By David Meyer
November 22, 2017

Mere hours after Uber admitted paying hackers $100,000 to delete masses of data they stole from the company and keep quiet about it, the first lawsuit has hit.

Filed in a Los Angeles federal court, the suit states that “Uber failed to implement and maintain reasonable security procedures and practices appropriate to the nature and scope of the information compromised in the data breach,” according to Bloomberg.

This would presumably be a reference to the fact that Uber did not encrypt the data that it was storing, and that was subsequently stolen: names, email addresses and mobile phone numbers for 57 million passengers and drivers around the world, plus driver’s license details for 600,000 Uber drivers in the U.S.

The lawsuit, launched by a customer, is aiming for class-action status.

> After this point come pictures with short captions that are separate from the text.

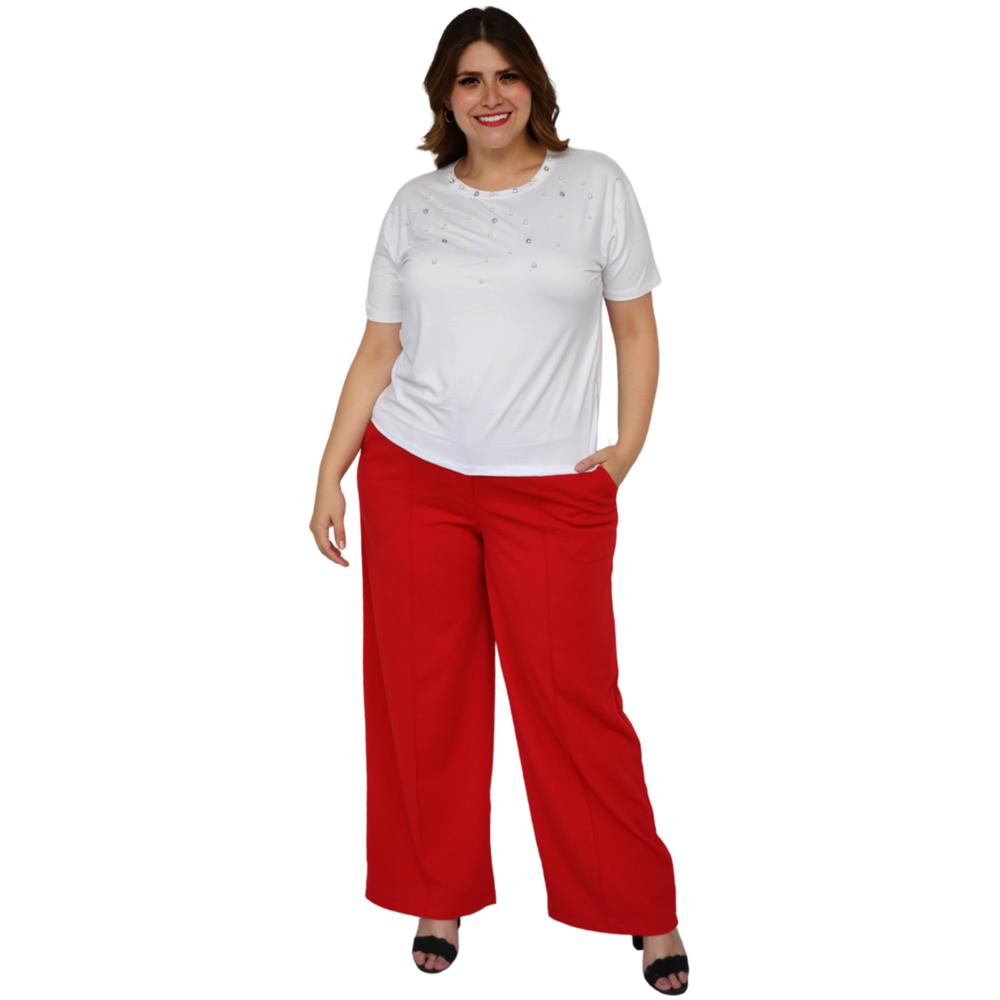 Foto 5 | Playera para Dama Roman Fashion 3022-A color Blanco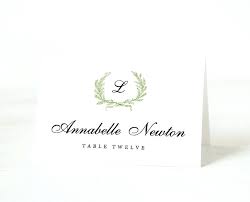 Wedding Place Card Tags Table Name Template Place Card Template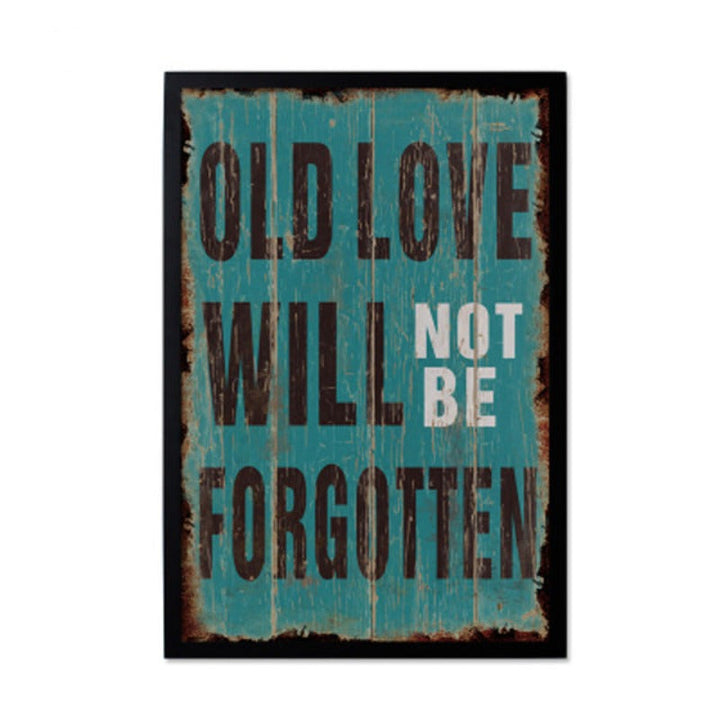 Vintage Europa Poster Love - Canvas Muurkunst Schilderij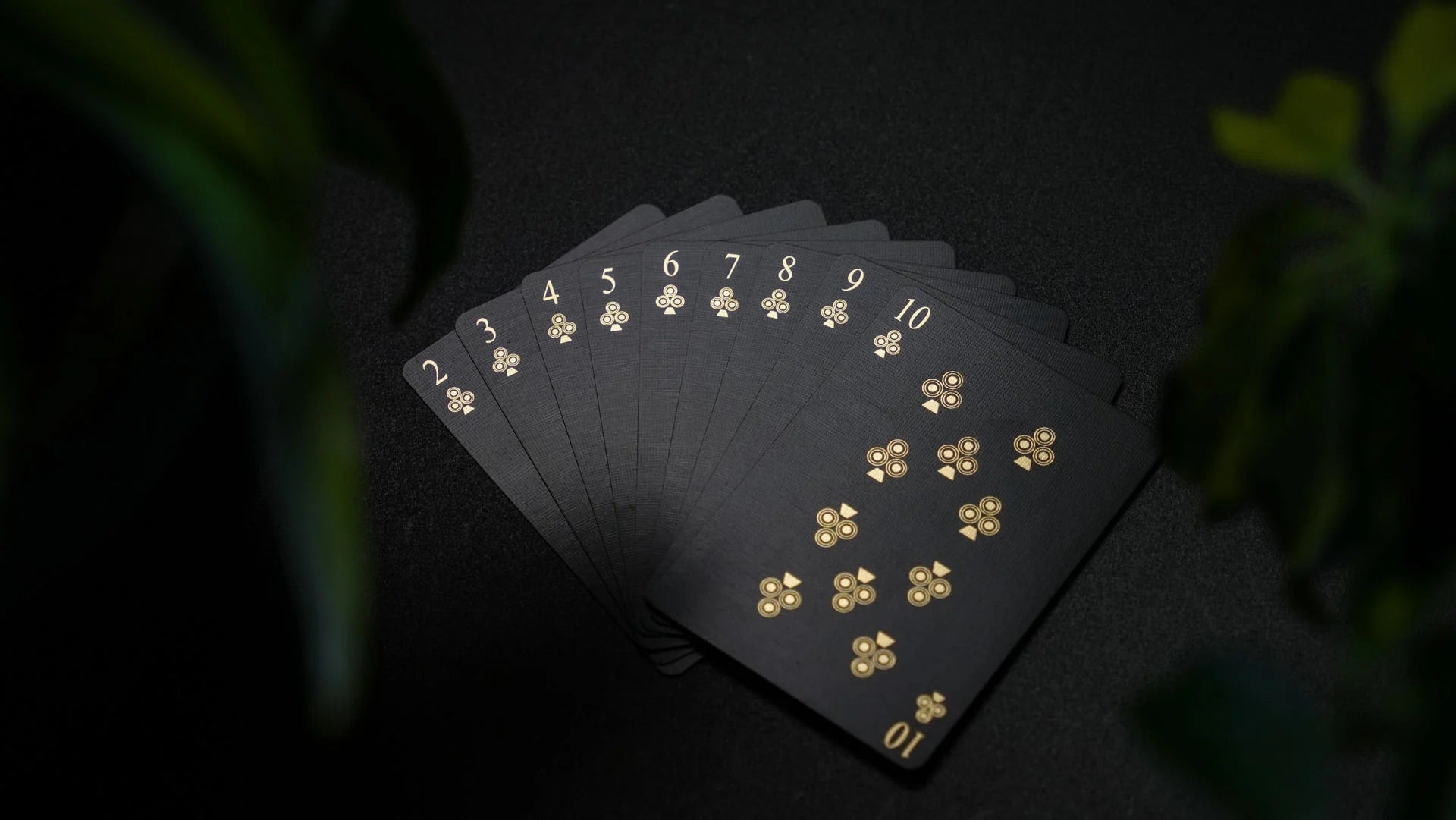 Labyrinthium Black Playing Cards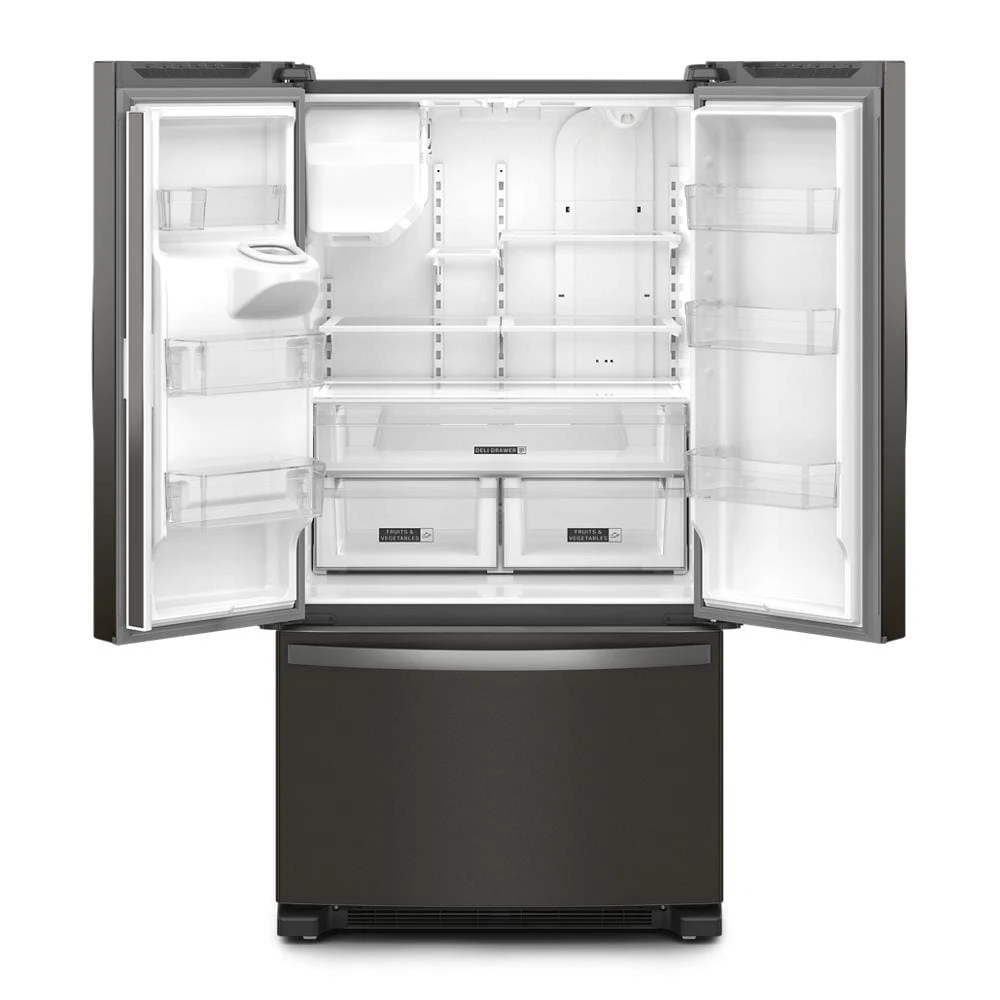 36-Inch Wide French Door Bottom Mount Refrigerator - 25 cu. ft. WRFF3436RV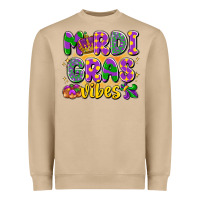 Mushroom mardi gras vibes Heavyweight Sweatshirt - LillyAllenDesigns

Meanwhile, New York attorney general Eric Schneiderman has also launched an investigation into the incident.

Uber is lucky that the EU’s new General Data Protection Regulation (GDPR) hasn’t come into force yet, which it will in May next year.

The GDPR carries strict rules for breach notifications, and Uber would probably have broken at least three: not properly protecting the data, not telling regulators about the hack, and not informing its customers until a year later. The GDPR carries fines of up to 4% of global annual revenues for particularly egregious cases such as this one.

Nonetheless, the news of the hack and its cover-up has already caused a stir in some EU countries. The U.K. Information Commissioner’s Office said Wednesday that it is working with the National Cyber Security Centre to figure out how bad the breach was, and how many British people were affected.